Cela faisait plaisir à voir ce théâtre antique d’Orange ce lundi 22 juillet pour cette dernière date des Chorégies d’Orange version 2024 avec Tosca de Puccini. Le choix du compositeur est en adéquation avec l’anniversaire de la mort de Puccini en 1924.
Certes, l’opéra est connu et rassemble, mais qui peut douter de l’effet Roberto Alagna sur la fréquentation de cette représentation, fût-elle en version concert. Quoique, il ne manquait que les décors et les costumes, car si d’aucuns pensaient voir l’Orchestre philharmonique de Nice sur la scène et 6 chaises pour les solistes, ils ont été étonnés que les artistes ont joué le jeu et leur rôle, sans accessoire. Vilar disait que le théâtre est illusion et doit laisser une part de liberté au spectateur. Ce fût le cas. On vit le poignard de Tosca pénétrer dans le cœur sombre de Scarpia, la fausse-vraie balle entrer dans la poitrine de Cavaradossi.
Avec les moyens du bord les chanteurs ont donc livré une prestation scénique qui a sied au public serré dans les gradins de la cavea au poulailler.
Comme il a applaudi les arias qui font la grandeur et la beauté de cet opéra pourtant boudé à sa sortie en 1900. Dans ses airs célèbres de cet ouvrage en deux actes, le ténor Roberto Alagna lance les débats, avec « Recondita armonia » ; il rappelle qu’il est sur la scène antique comme dans son jardin, tellement il en connaît les moindres recoins et où il faire profiter de sa diction sans tâche, d’un timbre reconnaissable entre mille et d’une projection rarement égalée au théâtre antique depuis 1993 quand il a foulé pour la première fois les lieux. On se retrouvera avec la même aisance dans “E lucevan le stelle”, où son étoile lyrique a fait briller le festival 2024.
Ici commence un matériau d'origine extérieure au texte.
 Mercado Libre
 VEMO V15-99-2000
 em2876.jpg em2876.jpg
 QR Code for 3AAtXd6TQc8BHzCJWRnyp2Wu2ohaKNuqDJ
La soprano Aleksandra Kurzak, qui aussi à la Ville l’épouse du ténor, a endossé la robe de Floria Tosca. Son “Vissi d’arte” longuement applaudi suffit à dépeindre ses qualités lyriques et son expressivité vocale. En fermant les yeux, on pouvait voir sa jalousie maladive, ses colères, ses peurs, ses doutes et ses envies de meurtre.
Si avec cette Tosca, Aleksandra Kurzak gravait son nom dans les pierres du grand mur, le baryton gallois Bryn Terfel retrouvait le théâtre antique où il avait chanté en concert, sept ans auparavant. Dans cette Tosca, il a su jouer ou rejouer un personnage qu’il connaît bien. On peut regretter que l’orchestre l’a par trop couvert dans son « Te Deum », un des plus grands airs opératiques pour baryton.
A la baguette, les Chorégies avait invité à nouveau la jeune cheffe italienne Clelia Cafiero enjouée et communicative, parfois à l’excès pour ne pas doser avec justesse la puissance des cuivres qui couvraient les voix par moment, comme dans le Te Deum.
Autour du trio de qualité qu’impose cet opéra, la construction de la distribution s’est faite autour de valeurs sûres de la scène lyrique avec Jean-Marie Delpas ou Marc Barrard. Le théâtre antique découvrait néanmoins Jean-Vincent Blot en Angelotti ou Carlos Natale en Spoletto. Tous deux ont livré une prestation nécessaire et suffisante pour faire oublier que nous étions dans une version concert.